Lembro-me de, inicialmente, as vagas reservadas serem sistematicamente desrespeitadas em virtude de brechas no texto da lei que se referia a autoidentificação, e os editais não previam mecanismos suficientes para assegurar que essas vagas fossem de fato preenchidas por pessoas negras.
Após algumas audiências públicas, com participação ativa de entidades voltadas às questões raciais, foram implementados mecanismos administrativos para verificar a autenticidade da autodeclaração de cor. E foi assim que os editais começaram a prever uma etapa administrativa, na qual candidatos inscritos nas vagas de cotas raciais são eliminados, caso não apresentem características fenotípicas.
Um aspecto fundamental a ser esclarecido é que, no caso de concursos públicos, são organizadas duas listas de aprovação, uma geral e a outra para candidatos que se autodeclararem negros. Contudo, haverá apenas uma lista de nomeação para aquele órgão, e o edital já disponibiliza as vagas que serão reservadas às cotas raciais. Por exemplo, eu fui aprovada em 5º lugar na lista de negros (e na 100ª posição na lista geral) em determinado concurso. No edital, a 23ª vaga na lista de nomeação corresponde ao quinto colocado na lista de negros. Percebe quantas posições avancei na lista de nomeação?

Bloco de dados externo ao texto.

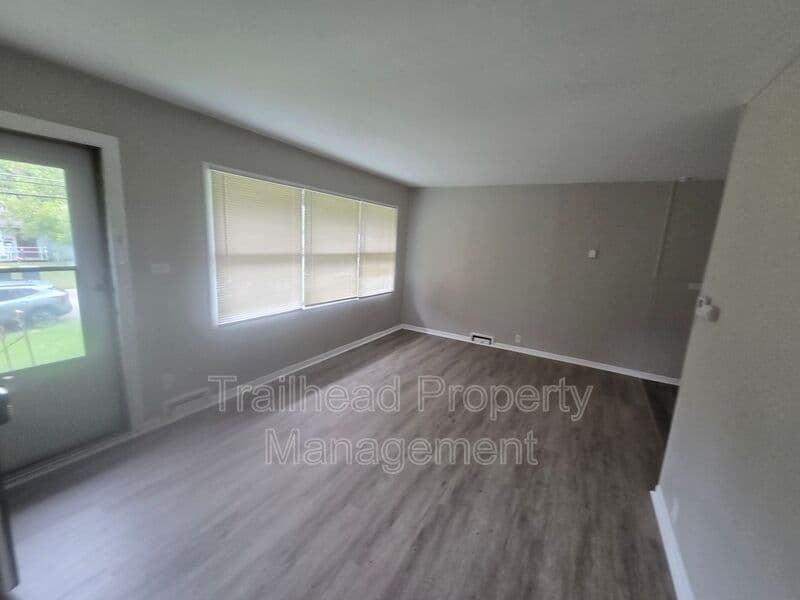 Kansas City House: 7805 E 114th St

Participei de três momentos de verificação. Fui aprovada, obviamente, em todos eles. Estou aguardando nomeação em dois concursos públicos. E fui extremamente beneficiada, nesses concursos, pela lei de cotas. Quero multiplicar isso! Vamos juntas!
Notas
(1) Lembramos que a lei de reserva de cotas em concursos públicos federais foi sancionada pelo governo Dilma em 2014. Há registros anteriores a essa lei federal, que alguns estados do país já disponibilizavam essas vagas específicas nos certames para preenchimento de seu quadro funcional. A lei 12.990/2014 permitiu essa reserva no âmbito público federal, e por simetria incentivou que estados também aprovassem legislação de igual teor. Pernambuco, por exemplo, em seus concursos estaduais não dispõe desse tipo de vagas. No meu estado, apenas vagas do judiciário dispõem de cotas, porque nesse âmbito, a determinação foi do Conselho Nacional de Justiça, devendo ser obedecida em todo o território nacional.
(2) https://www12.senado.leg.br/noticias/especiais/especial-cidadania/lei-de-cotas-em-concurso-e-julgada-constitucional-mas-ainda-motiva-acoes/lei-de-cotas-em-concurso-e-julgada-constitucional-mas-ainda-motiva-acoes. Acesso em 10/05/2021.